SFSNet: An Inherent Feature Segmentation Method for Ground Testing of Spacecraft

Abstract

In the final approach stage of rendezvous and docking of a spacecraft, the pose parameters of the target spacecraft need to meet docking or berthing capture conditions. Visible light visual measurement systems are increasingly employed in spacecraft ground tests to extract the geometric features of spacecraft to calculate and verify the accuracy of pose parameters. Most current feature-segmentation algorithms are unable to break through the scale transformation problem of spacecraft movement and the noise interference of multi-layer insulation materials in imaging. To overcome these challenges, we propose a novel feature segmentation algorithm based on the framework of deep convolutional neural networks.
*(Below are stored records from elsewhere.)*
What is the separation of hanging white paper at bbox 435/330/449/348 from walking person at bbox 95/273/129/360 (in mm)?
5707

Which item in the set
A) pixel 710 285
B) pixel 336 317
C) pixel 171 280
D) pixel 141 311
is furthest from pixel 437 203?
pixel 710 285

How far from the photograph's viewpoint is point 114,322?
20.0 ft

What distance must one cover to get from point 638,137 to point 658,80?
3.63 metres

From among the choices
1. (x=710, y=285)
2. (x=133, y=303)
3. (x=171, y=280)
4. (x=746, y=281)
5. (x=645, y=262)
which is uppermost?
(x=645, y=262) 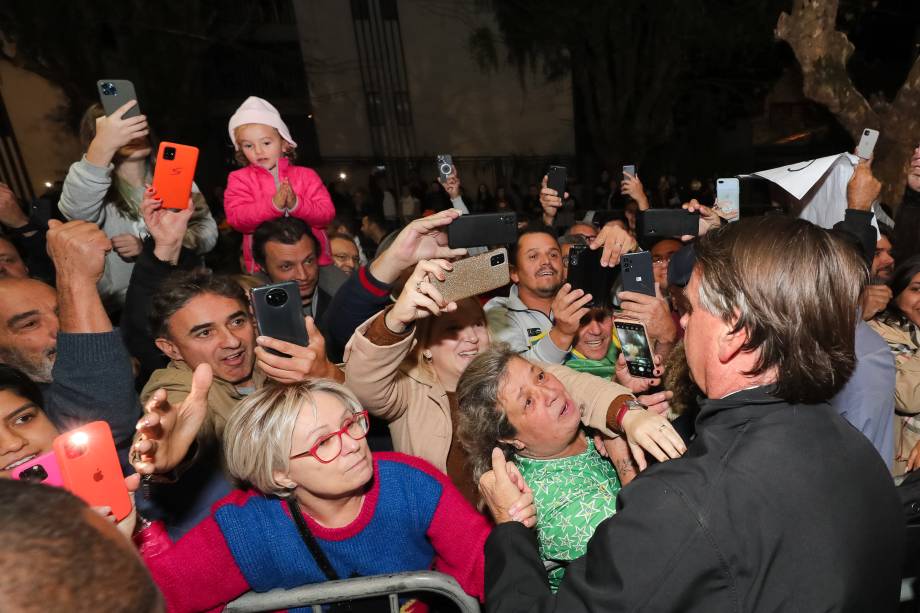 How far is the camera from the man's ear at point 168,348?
244 centimetres

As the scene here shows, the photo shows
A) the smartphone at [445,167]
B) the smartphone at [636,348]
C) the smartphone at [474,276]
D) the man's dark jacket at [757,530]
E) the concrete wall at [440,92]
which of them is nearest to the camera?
the man's dark jacket at [757,530]

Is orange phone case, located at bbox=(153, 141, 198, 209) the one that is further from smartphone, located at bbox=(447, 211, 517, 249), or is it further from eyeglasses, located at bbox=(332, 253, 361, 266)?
eyeglasses, located at bbox=(332, 253, 361, 266)

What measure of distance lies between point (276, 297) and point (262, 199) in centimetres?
209

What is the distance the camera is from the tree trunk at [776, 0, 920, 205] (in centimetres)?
643

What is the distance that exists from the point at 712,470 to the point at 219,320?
2.12 metres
Firstly, a full convolution model of the encoding-decoding structure is constructed based on data for the ground test. A feature concatenation module is applied and combined with a network backbone to improve the segmentation performance. Then, a comprehensive loss function is presented and optimized by the pose characteristics of the spacecraft in the approach phase. Furthermore, a specific spacecraft simulation dataset to train and test our segmentation model is built through data augmentation. The experimental results verify that the proposed method achieves accurate segmentation of spacecraft of different scales, suppresses the interference caused by multilayer insulation material, and has strong robustness against motion ambiguity. The pixel accuracy of our proposed method reaches 96.5%, and the mean intersection over union is 93.0%.